City Council OKs building purchase for public works

Photo provided A view of the building at 1350 Arcadia Drive that the Columbus City Council approved purchasing and retrofitting for a new public works facility.

The purchase of the future home for the city’s public works and transit departments was approved by Columbus City Council members on Tuesday night.

Council members backed an expenditure of about $8.7 million the Columbus Redevelopment Commission is making to purchase the 20-acre property at 1350 Arcadia Drive and renovate the building for the new use. The city council has to sign off on any city expenditure greater than $500,000.

A resolution regarding the expenditure was approved 8-0. Council member Jay Foyst, R-District 6, was absent.

Director of Public Works Bryan Burton said his department has significantly outgrown capacity at the current city facility at 2250 Kreutzer Drive. Burton talked through a presentation outlining the need for the new facility, which several council members said was long overdue.
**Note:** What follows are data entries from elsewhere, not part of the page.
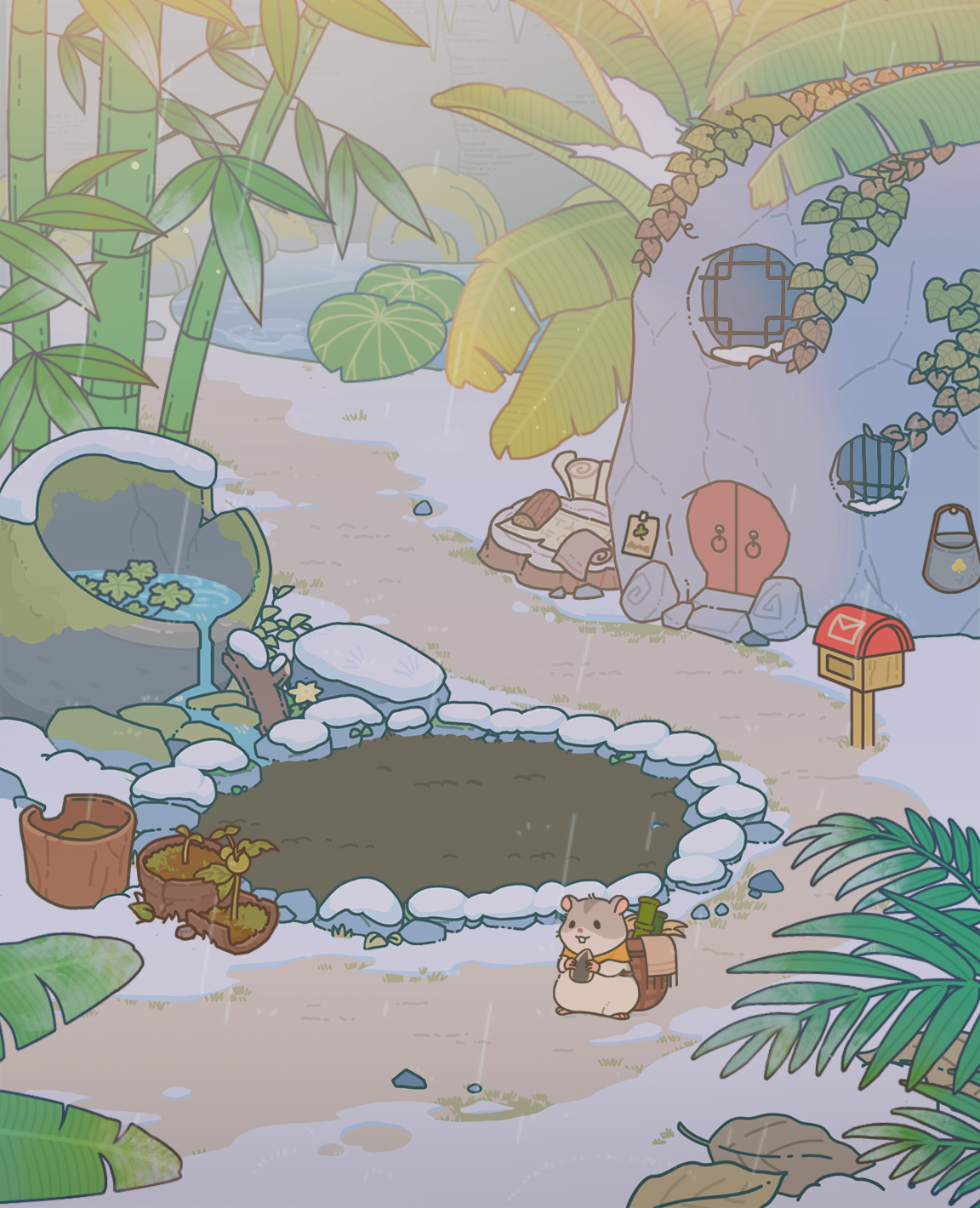 蛙蛙这里下雪啦✧٩(ˊωˋ*)و✧，冬天大家要注意保暖呀[表情_开心]截图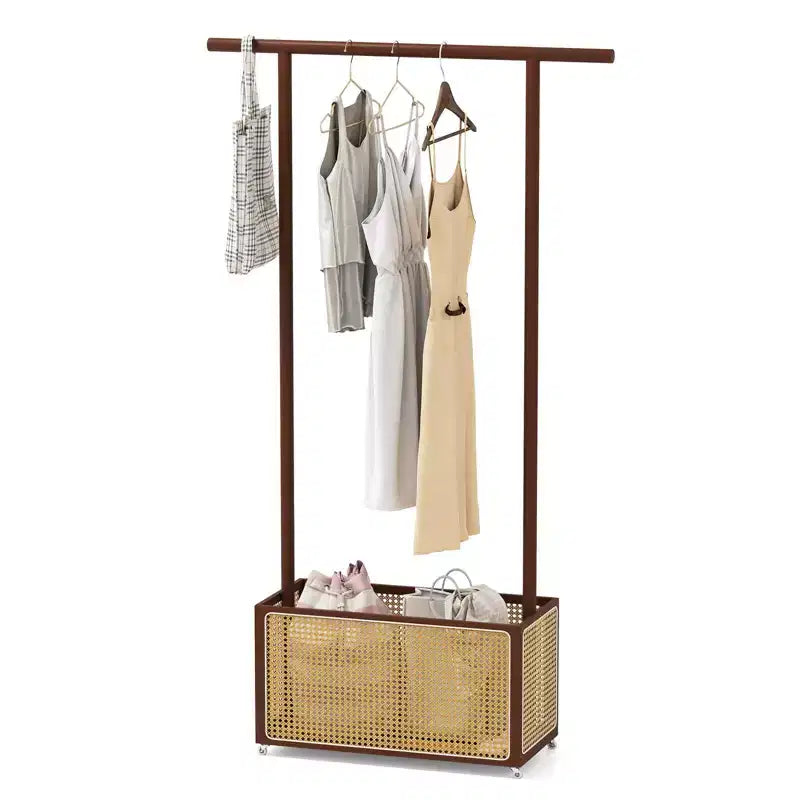 Costway Appendiabiti in Bambù con Cesto Portaoggetti in Rattan e Ruote, Appendiabiti Mobile Marrone/Beige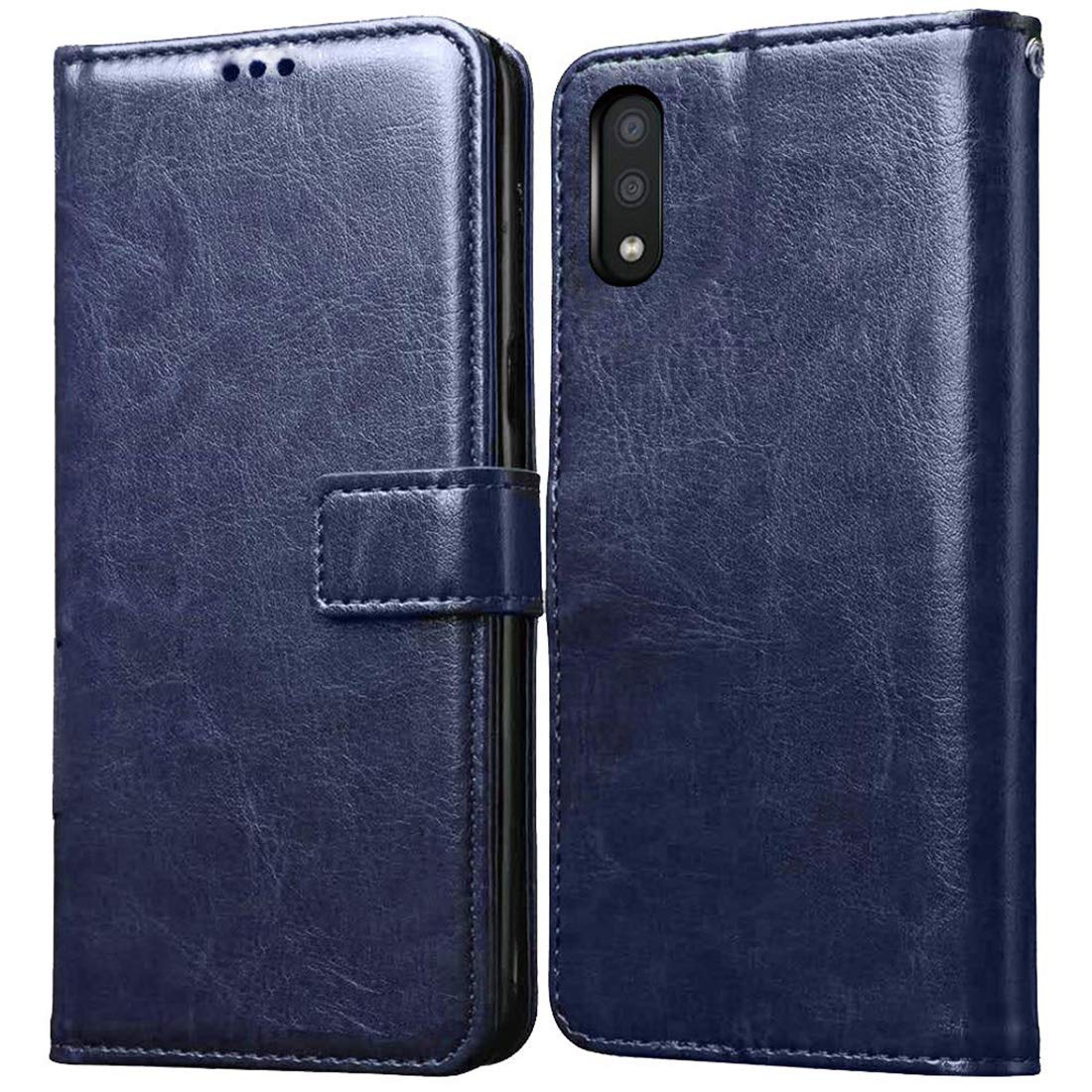 Solimo Leather and Plastic Soft and Flexible Flip Mobile Back Cover for Samsung Galaxy M02 (Blue) (B08W3JM33P) Amazon Price History, Amazon Price Tracker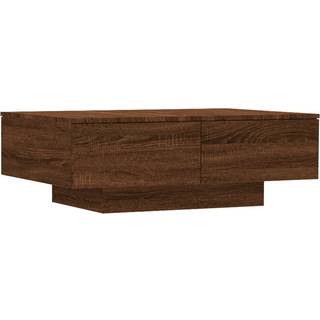 sofabord 90x60x31 cm konstrueret træ brun egetræ
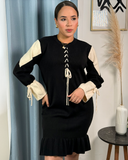 Vestido tejido con franjas y lazos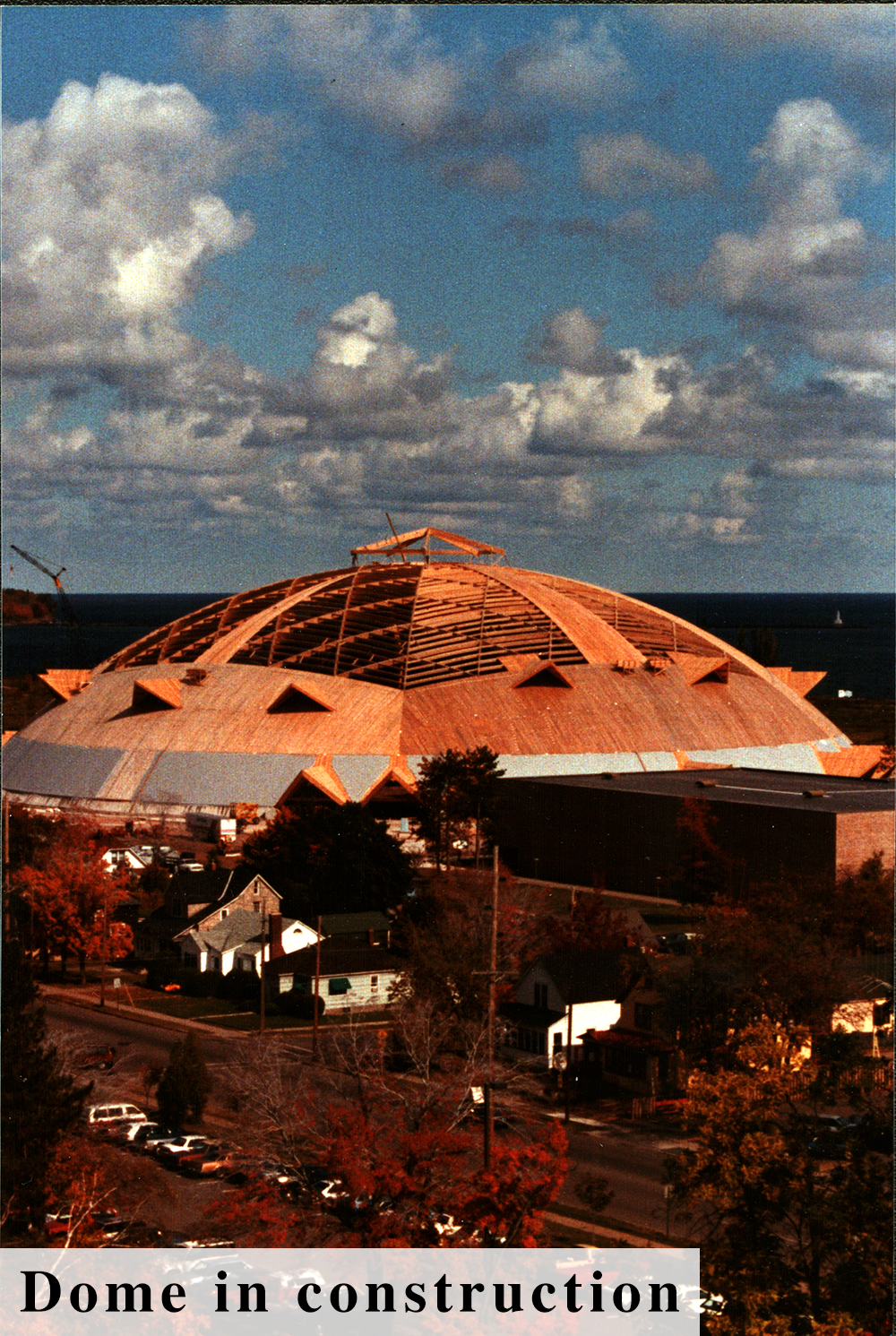 Aerial view of Superior Dome in construction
The Columbus Redevelopment Commission approved a purchase and sales agreement with Yinlun TDI, LLC for the former data center on May 20. The agreement was for $2.6 million, plus an additional $25,000 for closing costs. The property had been listed for $2.9 million, according to Director of Redevelopment Heather Pope. A couple of months later on August 19, the redevelopment commission met again and discussed a schematic design for the facility and the estimated associated costs to make it a reality.

The new facility is twice the size of public works’ current facility and will include a 15,000 square-foot building addition for maintenance, a 10,000 square-foot covered storage building addition and a nearly 2,000 square-foot addition for a wash building. It’s set to have a maintenance area with 10 service bays, two underground fuel tanks and would be able to house significantly more vehicles. It was estimated by Force Design that the upgrades to the site would cost an amount not to exceed $6.1 million.

The $8.7 million will come out of the city’s central tax increment financing (TIF) district, Pope said.

A pond on the site of the new facility would be turned into a park area and the facility would also feature a future connection to the People Trail.

“We’re planning to put a People Trail along Indianapolis Road to fill in a gap there and then when the property to the north is developed, they’ll put in their piece of it, and eventually we’ll have a complete connection,” Pope said.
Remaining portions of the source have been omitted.